Information given START

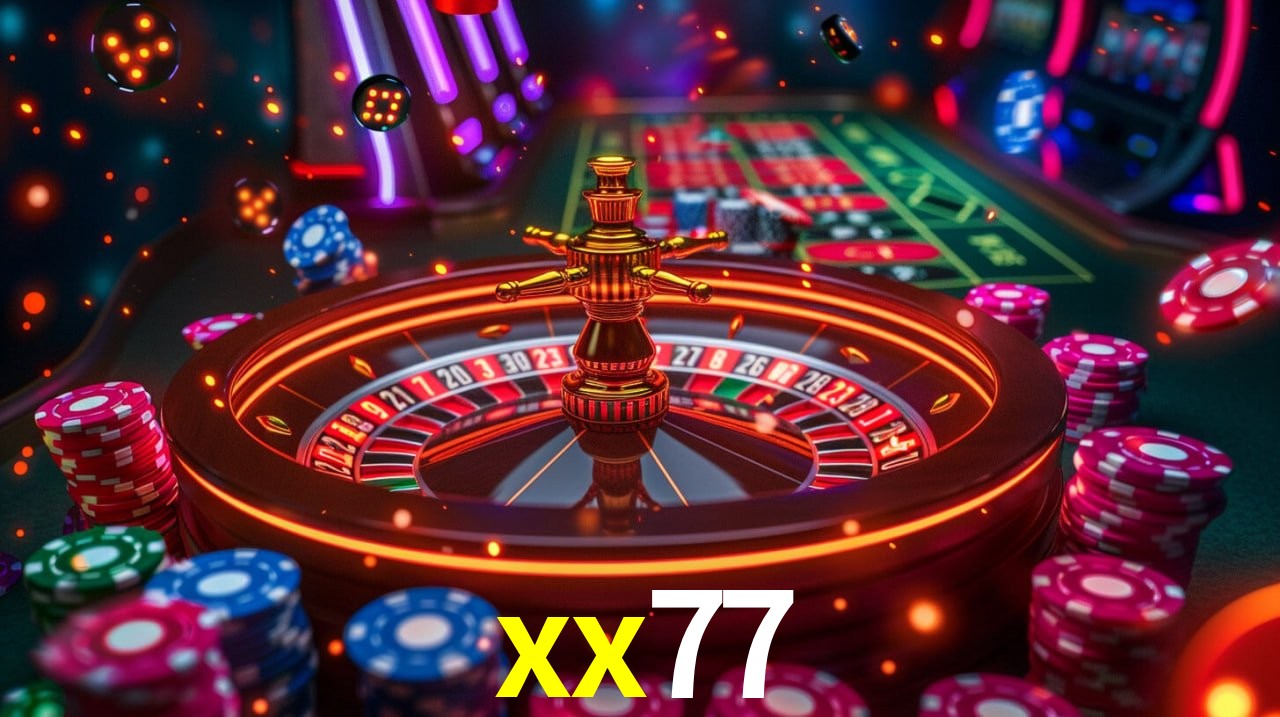 Aviator Game xx77
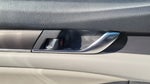 2019 Accord Thumbnail 27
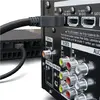 GOOBAY HDMI kabelis 61161 — 5 m Photo 8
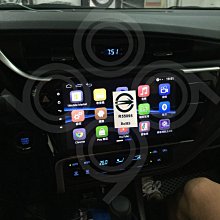 5代USB控制IC  5S 6代 8代 X 11充電IC 7代 USB U2 1610A3 610A3B 歷史價格詳細信息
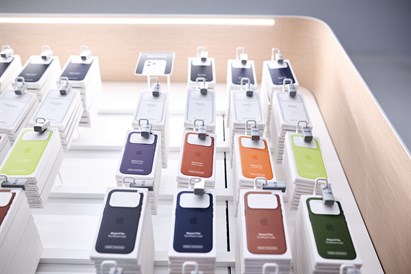 „C&C“ dovanų čekis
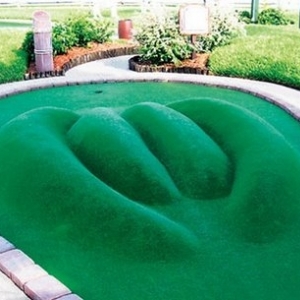 feminine mini golf hole[1]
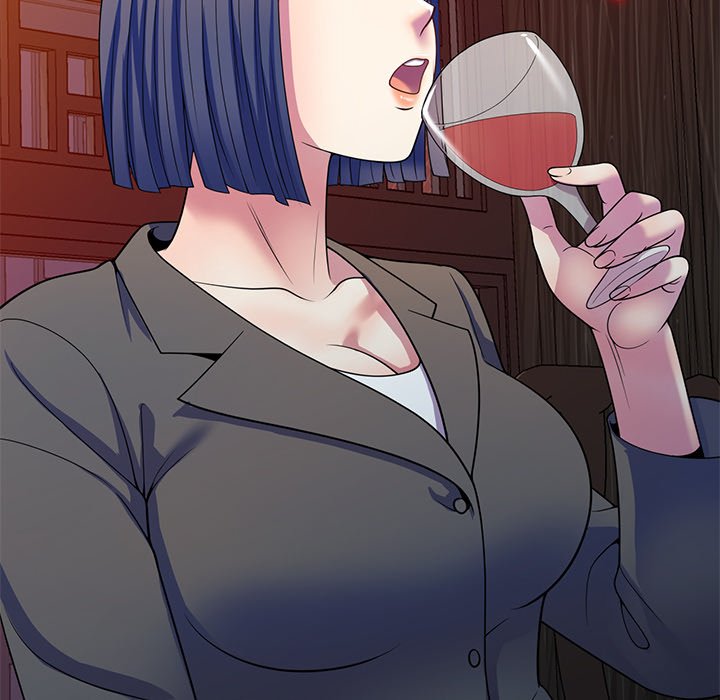 My Wife is a Teacher Chapter 25 image 113
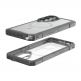 Удароустойчив хибриден кейс с MagSafe за Samsung Galaxy S26 Ultra - Urban Armor Gear Trooper MagSafe Case  14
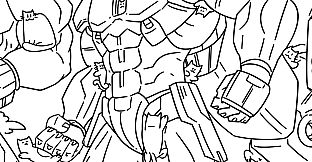 Superhero Cats - Bonus Level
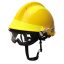Casco-Forestal-Rescate-Amarillo-min.jpg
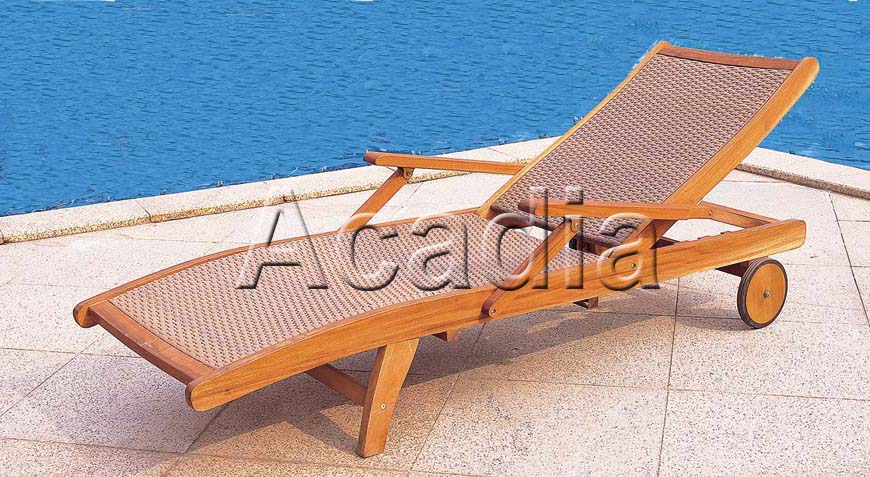 ����鿴���ηŴ�ͼƬ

Information given END

Any picture in the listing above gets left out; output the rest exactly.

 Aviator Game xx77
 2019 Accord Thumbnail 27
 GOOBAY HDMI kabelis 61161 — 5 m Photo 8
 5代USB控制IC  5S 6代 8代 X 11充電IC 7代 USB U2 1610A3 610A3B 歷史價格詳細信息
 „C&C“ dovanų čekis
 feminine mini golf hole[1]
 My Wife is a Teacher Chapter 25 image 113
 Удароустойчив хибриден кейс с MagSafe за Samsung Galaxy S26 Ultra - Urban Armor Gear Trooper MagSafe Case  14
 Superhero Cats - Bonus Level
Casco-Forestal-Rescate-Amarillo-min.jpg
 ����鿴���ηŴ�ͼƬ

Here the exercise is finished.